What is needed to troubleshoot an unexpected reboot in a clustered environment ?
Gareth Holl 100000C8M7 Visits (1901)
The simple answer is RSCT (the "cluster" software) trace data from key daemons (sub-systems) like IBM.ConfigRM, cthags, cthats, and possibly even RMCd. IBM Support would use this trace data to confirm whether or not it was RSCT that forced the reboot, and if so, then why.
However what isn't always that simple is collecting these trace files before they wrap. The trace files for all the RSCT and TSAMP core daemons and Resource Managers are setup to be a fixed size and First-In, First Out (FIFO). Some of these trace files are very busy and therefore historical trace data can be lost rather quickly.

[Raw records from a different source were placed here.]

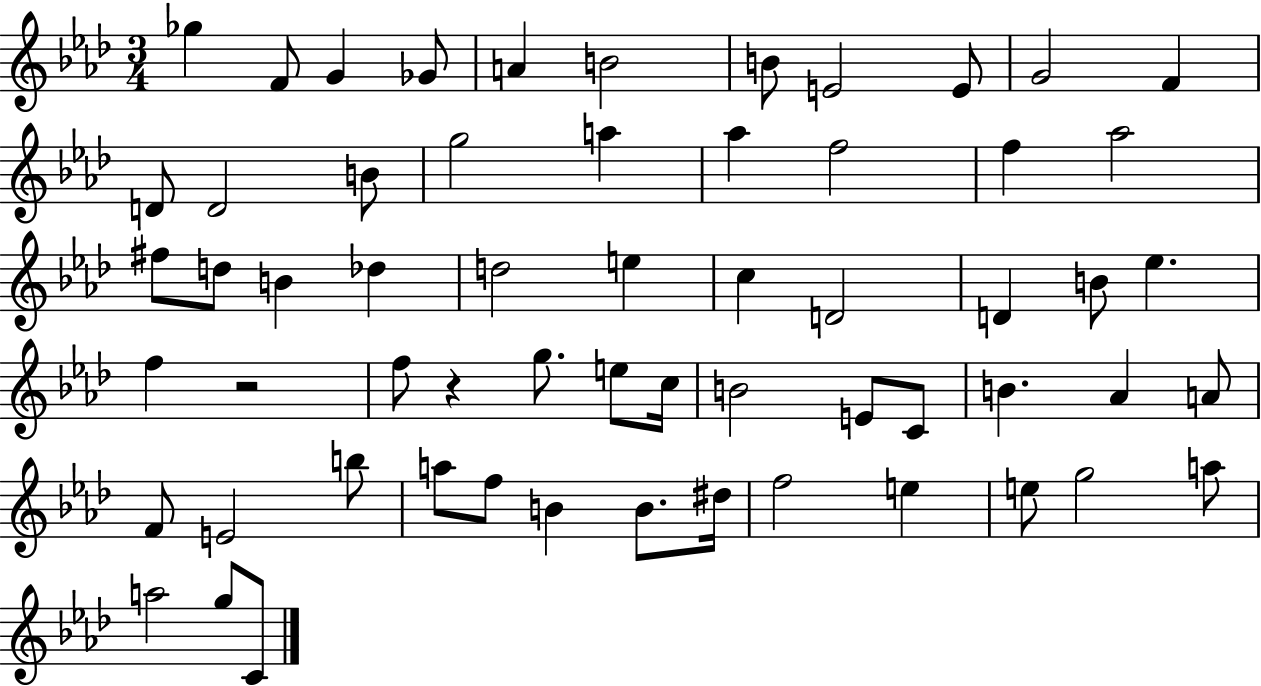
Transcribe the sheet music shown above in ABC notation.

X:1
T:Untitled
M:3/4
L:1/4
K:Ab
_g F/2 G _G/2 A B2 B/2 E2 E/2 G2 F D/2 D2 B/2 g2 a _a f2 f _a2 ^f/2 d/2 B _d d2 e c D2 D B/2 _e f z2 f/2 z g/2 e/2 c/4 B2 E/2 C/2 B _A A/2 F/2 E2 b/2 a/2 f/2 B B/2 ^d/4 f2 e e/2 g2 a/2 a2 g/2 C/2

Lets say there was an incident over night, like at 2am in the morning, that resulted in one of the clustered servers being forced to reboot by the cluster software, in its effort to protect itself or critical resources. You arrive at work in the morning, lets say at 8am, and find that your application is now running on the standby server. Firstly, lets celebrate the fact that TSAMP (and RSCT) did its job by keeping your application highly available. But now you want to find out why there was a failover to the standby server. You find the primary server had been rebooted around 2am. Unfortunately in the 6+ hours that it took before you found out about this incident, the vital trace data could already be written over.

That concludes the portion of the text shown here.